What Are the Three Branches of Government?

The federal government, which runs the whole country, includes three different groups, or branches, that are separate but have equal power. Each branch functions differently and together they are responsible for making and implementing rules for the entire country.

The executive branch

The executive branch includes the president and a series of departments that are responsible for implementing the rules under the president. The entire country elects the president through the electoral college.

The legislative branch

Next is the legislative branch, which is Congress. In Congress, there are two houses: the House of Representatives and the Senate. Congress has the power to make rules that affect the entire country once they are agreed to and signed by the president.

The judicial branch

Finally, there is the judicial branch, which includes courts. There are different levels of judges and courts, starting with District Courts and going all the way up to the Supreme Court. The president nominates judges, and then they are confirmed (i.e., voted on) by the Senate.

What Stops One Branch of Government From Being Too Powerful?

Two things keep any one branch from being too powerful: "separation of powers" and "checks and balances." Separation of powers refers to the three separated branches (powers) of government. Checks and balances mean that each branch gets the same amount of power.

For example, if the president, who is just one person, decides to make a rule, Congress can vote to override the president's rule and pass their own rule. The new rule from Congress will then become law.

But, if the president doesn't like the law that Congress creates, they can decide whether or not to sign it.

And finally, the judiciary branch has a check on the legislative and executive branches because they interpret the Constitution to make sure the Congress and the president have the power to make the rules they created.

The check on the judicial branch is that the president appoints the judges, and Congress can vote to impeach a federal judge, and they can be removed from office. Additionally, if the judicial branch deems a particular law unconstitutional, Congress can create a new law instead.

Which Branch of Government Makes the Laws?

The executive and the legislative branches work together to make laws. When Congress passes a bill, the president has to sign it into law. After a law is passed, the executive branch does the day-to-day work of executing it. The judicial branch does not make laws, but they decide on cases that are in front of them and the impact of their decision can create a new law or force a law to be revised.

Which Branch of Government Enforces Laws?

Both the executive branch and judicial branch have responsibilities for enforcing laws. In the executive branch, departments like the Department of Justice (DOJ) and the Federal Bureau of Investigation (FBI) are responsible for ensuring the laws are followed. If someone makes a complaint, the judicial branch can decide if laws are being implemented the right way.

Which Branch of Government Interprets Laws?

The judicial branch sorts out arguments over laws. They'll decide if a law is constitutional, and they'll determine how it should be applied. However, the executive branch must also interpret the law and put it into practice because they're the ones that have to execute it and make sure everything runs properly.

Does the President Have All the Power?

Although the president holds a lot of power, they don't have complete power. In order for something to become a law, Congress must vote on it before the president signs it into law.
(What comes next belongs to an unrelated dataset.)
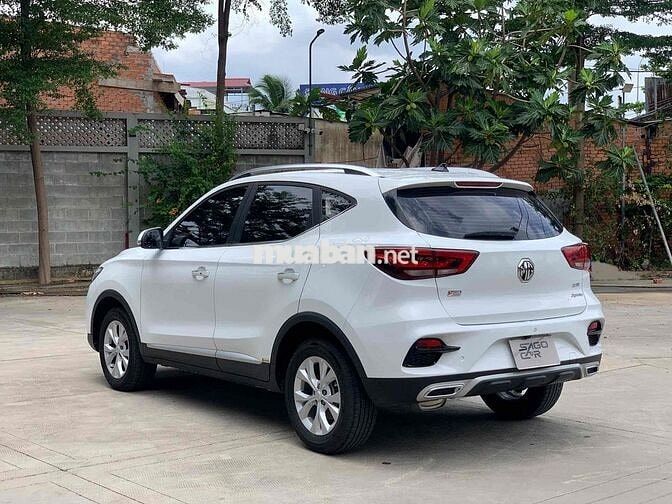 MGZS 2025 qua sử dụng như mới có hỗ trợ góp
Congress can also override rules the president makes, and the judicial branch can decide if the president did not have the power to create the rule they made.

Who Is in Congress, and What Is the Difference Between the Senate and the House?

Congress is divided into two parts, called the House of Representatives and the Senate. Each state, no matter how big or small, has two senators to represent its citizens in the Senate. Since there are 50 states, there are 100 senators.

In the House, each member is elected to represent a portion of their home state called an electoral district. There are 435 members in the House, and the number of elected representatives from each state depends on the total number of people living there. Members of the House keep their job for two years until they face another election, and members of the Senate stay in their position for six years until they have to get re-elected.

The House and Senate together are called Congress, and their main job is to create and pass bills into law. However, they do have a couple of differences:

  • The House can impeach, which means to accuse a person of an illegal act.
  • The Senate holds the hearing/trial on that accusation or impeachment.
  • The Senate also votes on presidential nominations to cabinet positions and Supreme Court justices.

How Do You Get Onto the Supreme Court?

First, you are nominated by the president. Then, the Senate, part of the legislative branch, votes on whether to give you the Supreme Court job. If the majority of the Senators vote for you, then you get to stay on the Supreme Court for the rest of your life (or until you choose to retire).